--- Given records Enclosed Below ---
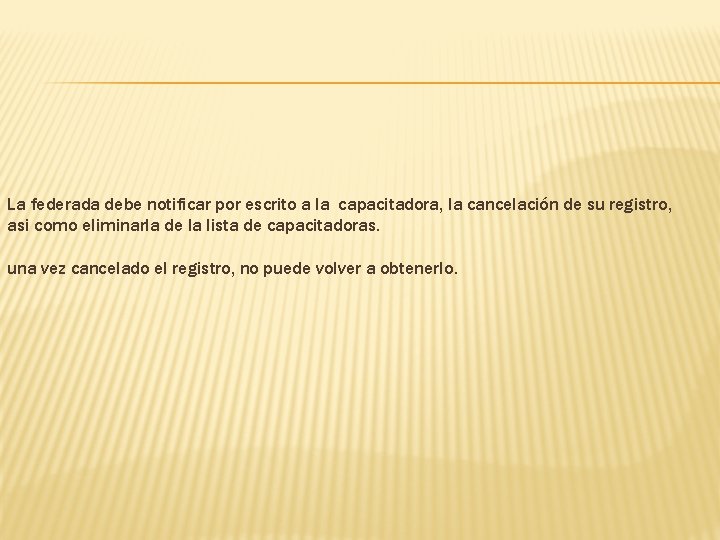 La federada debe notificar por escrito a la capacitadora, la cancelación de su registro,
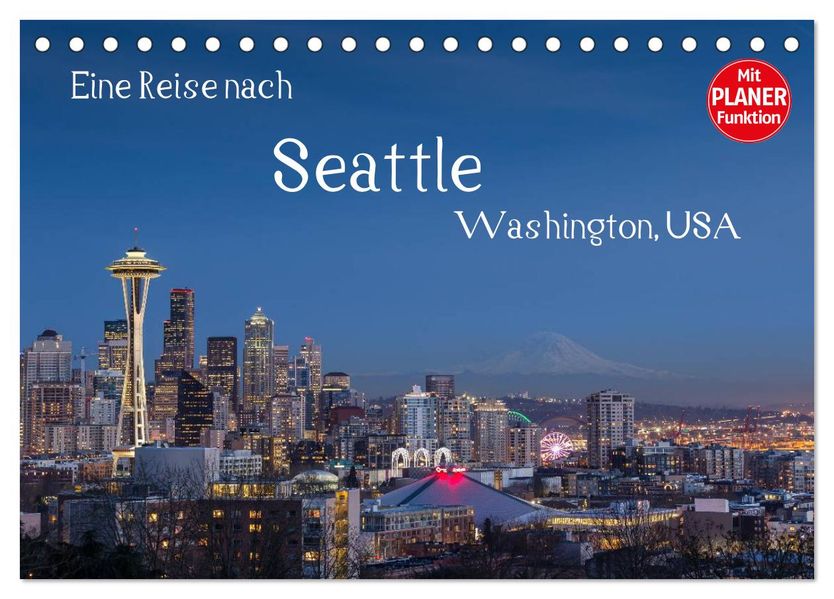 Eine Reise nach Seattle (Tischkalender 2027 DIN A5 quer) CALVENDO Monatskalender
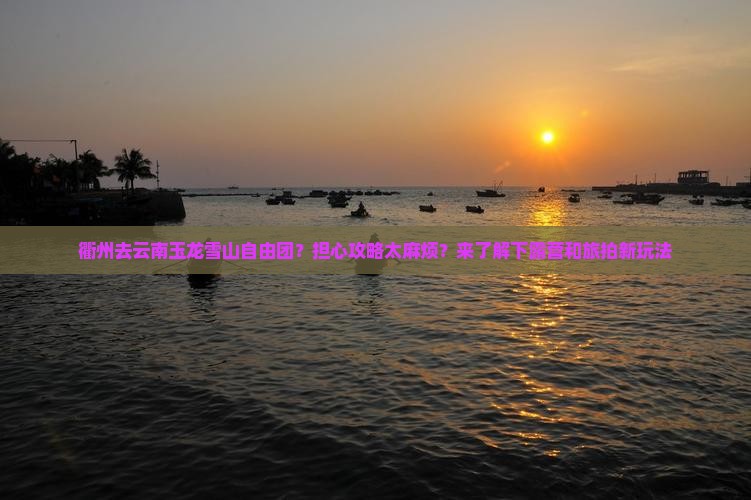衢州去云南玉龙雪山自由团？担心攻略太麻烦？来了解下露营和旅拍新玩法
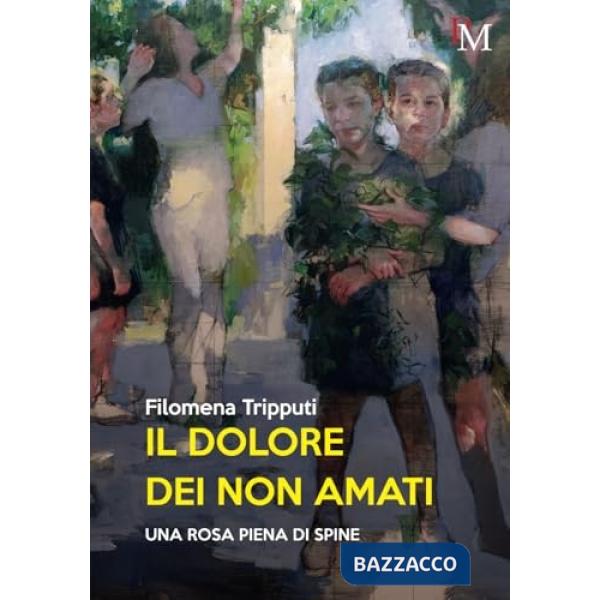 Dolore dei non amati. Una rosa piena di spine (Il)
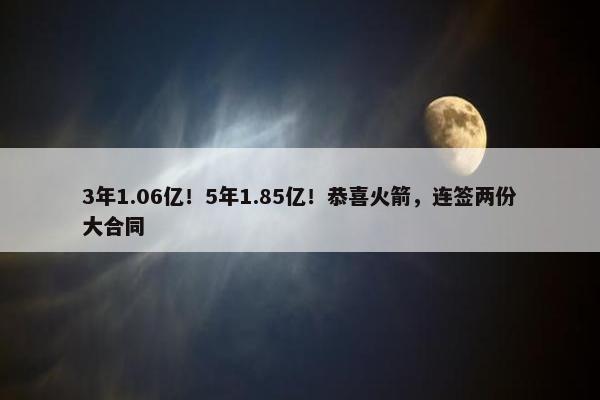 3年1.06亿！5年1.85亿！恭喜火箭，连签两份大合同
--- End of Enclosed Given records ---
Output exactly the lines from the one containing "衢州去云南玉龙雪山自由团？担心攻略太麻烦？来了解下露营和旅拍新玩法" through the last line of the records above, both included, and leave out the pictures.

衢州去云南玉龙雪山自由团？担心攻略太麻烦？来了解下露营和旅拍新玩法
 Dolore dei non amati. Una rosa piena di spine (Il)
 3年1.06亿！5年1.85亿！恭喜火箭，连签两份大合同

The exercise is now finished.